Кажется, Степан уже и сам не радовался тому, что так блеснул своими знаниями, но надо было ответить. Все-таки от Сазана сейчас многое зависело.
– Шурган, – сказал он.
– Васька? – воскликнул уголовник. – Он же при мне умер. Так ты Степка, что ли? – Парень кивнул. – Чудны дела твои, Господи! Васькин воспитанник лягавым стал!
– Я не мент. – Савельев покачал головой. – К тому же дядя Вася мне сам запретил куда-нибудь соваться, сказал, что с такой особой приметой, как у меня, ни один блатной долго на свободе не задержится.

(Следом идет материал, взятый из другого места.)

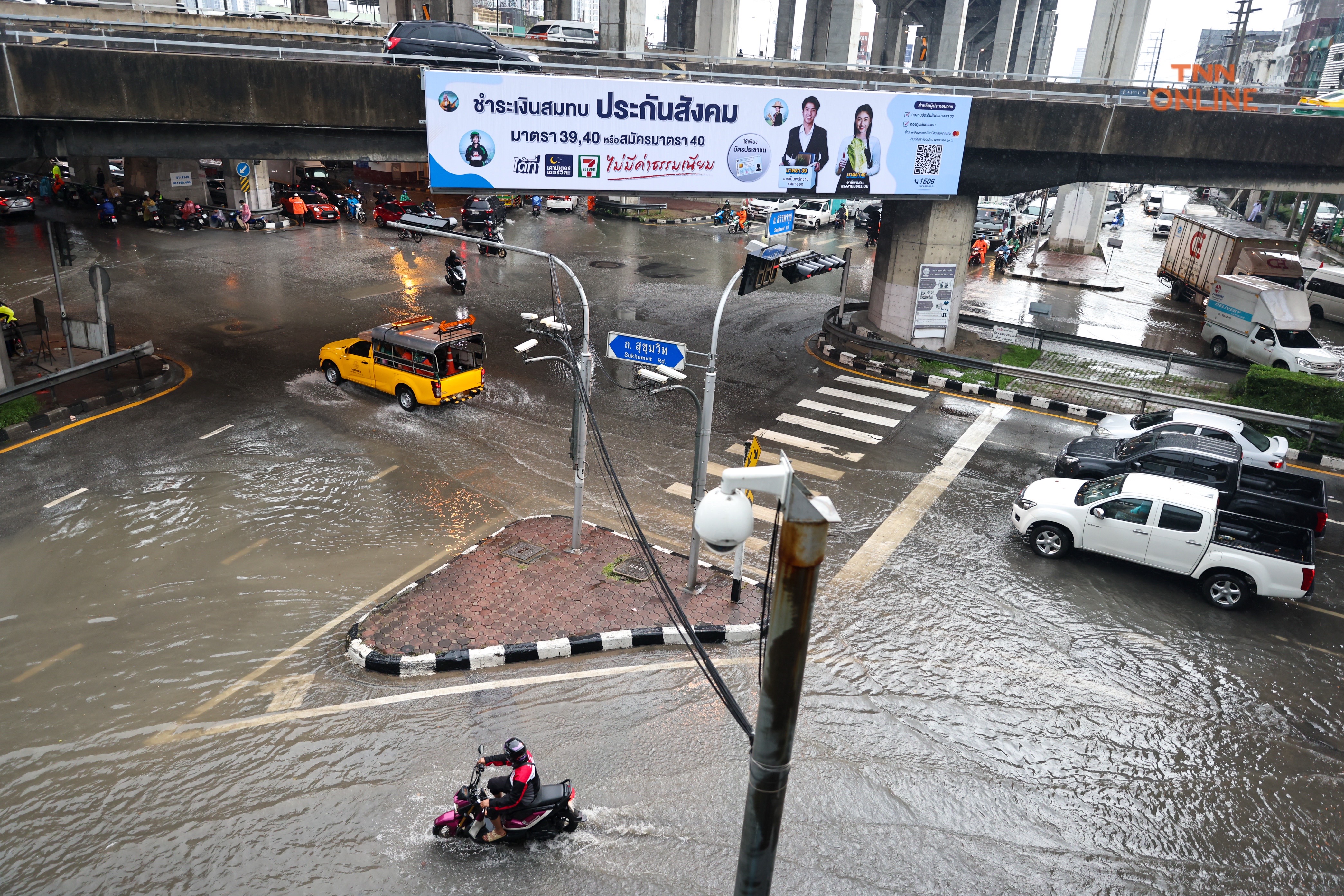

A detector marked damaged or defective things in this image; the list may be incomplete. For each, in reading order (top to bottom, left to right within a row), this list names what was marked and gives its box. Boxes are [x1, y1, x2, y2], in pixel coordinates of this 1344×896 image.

rusty metal pole [731, 481, 833, 892]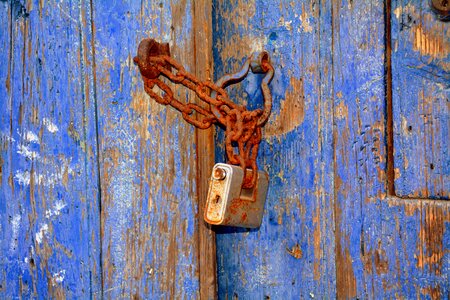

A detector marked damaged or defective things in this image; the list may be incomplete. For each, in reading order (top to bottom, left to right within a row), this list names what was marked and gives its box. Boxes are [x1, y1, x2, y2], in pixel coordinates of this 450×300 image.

rusty chain [134, 37, 274, 188]
corroded metal [134, 37, 274, 188]
rusty padlock [205, 164, 270, 227]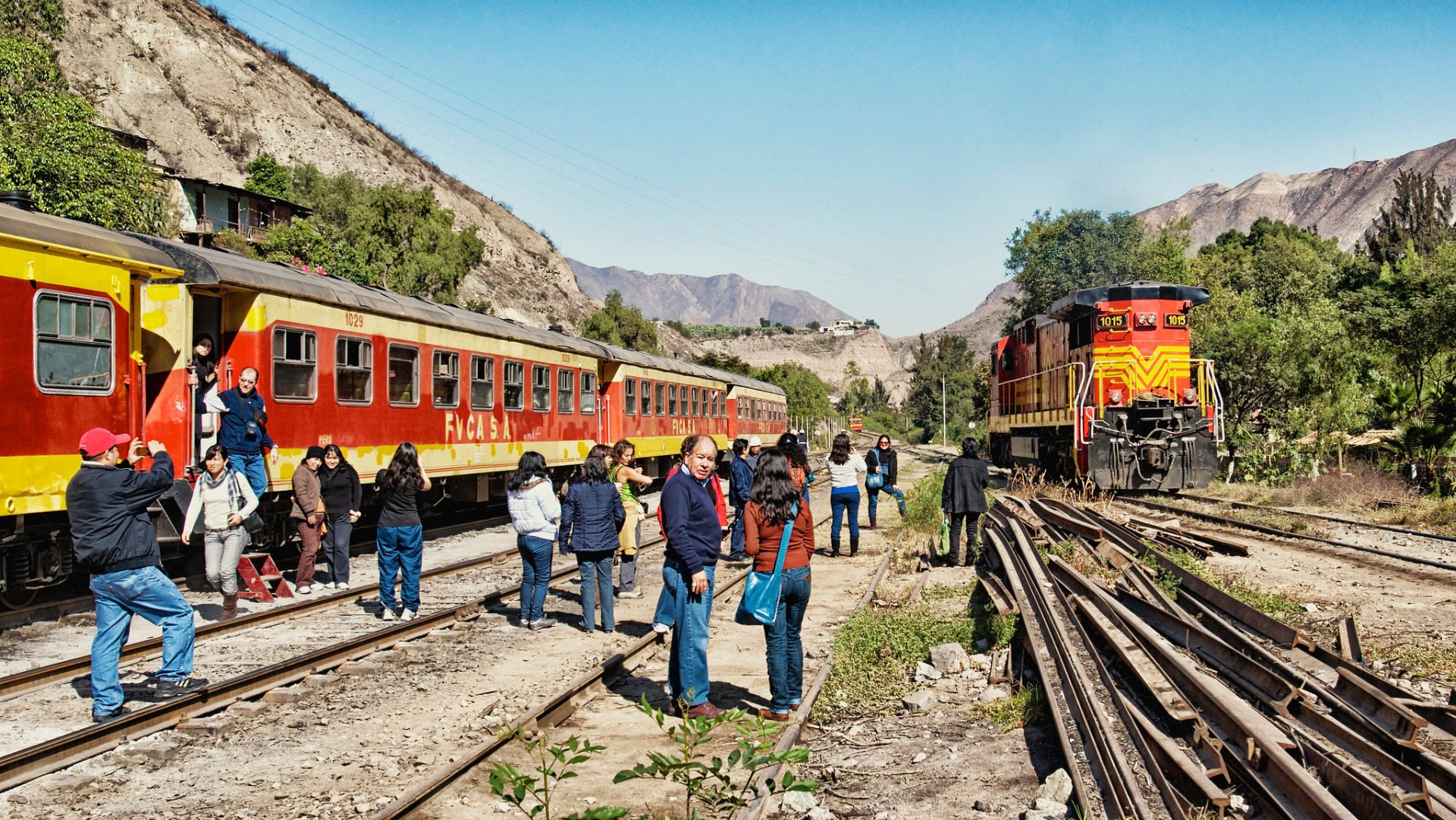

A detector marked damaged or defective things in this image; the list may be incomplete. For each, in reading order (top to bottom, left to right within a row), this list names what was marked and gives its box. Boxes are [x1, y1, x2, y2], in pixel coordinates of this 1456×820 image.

rusty rail pile [977, 492, 1456, 819]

– Ну-ка! – Сазан подался через стол, а Степан – ему навстречу. – Точно! Васька говорил, что у тебя глаза разного цвета. Ради его памяти помогу тебе всем, чем только смогу. Не буду врать, что мы с ним кореша были, но я Ваську крепко уважал. Ты-то его хоть вспоминаешь?
– Не забываю, Сазан. Он же мне тогда отца заменил, – серьезно ответил Савельев.
– Это хорошо. Говори, что от меня требуется.
– Нам надо, чтобы Паршин был с нами предельно откровенен, потому что вопросы мы ему задавать будем очень непростые, – объяснил Лев Иванович.
– Будет! – твердо пообещал смотрящий. – Я с ним уже говорил, да и сейчас в коридоре постою. Пусть он меня видит, когда сюда пойдет. В случае чего позовите, я ему разъясню, что врать вредно для здоровья. – Сазан вышел.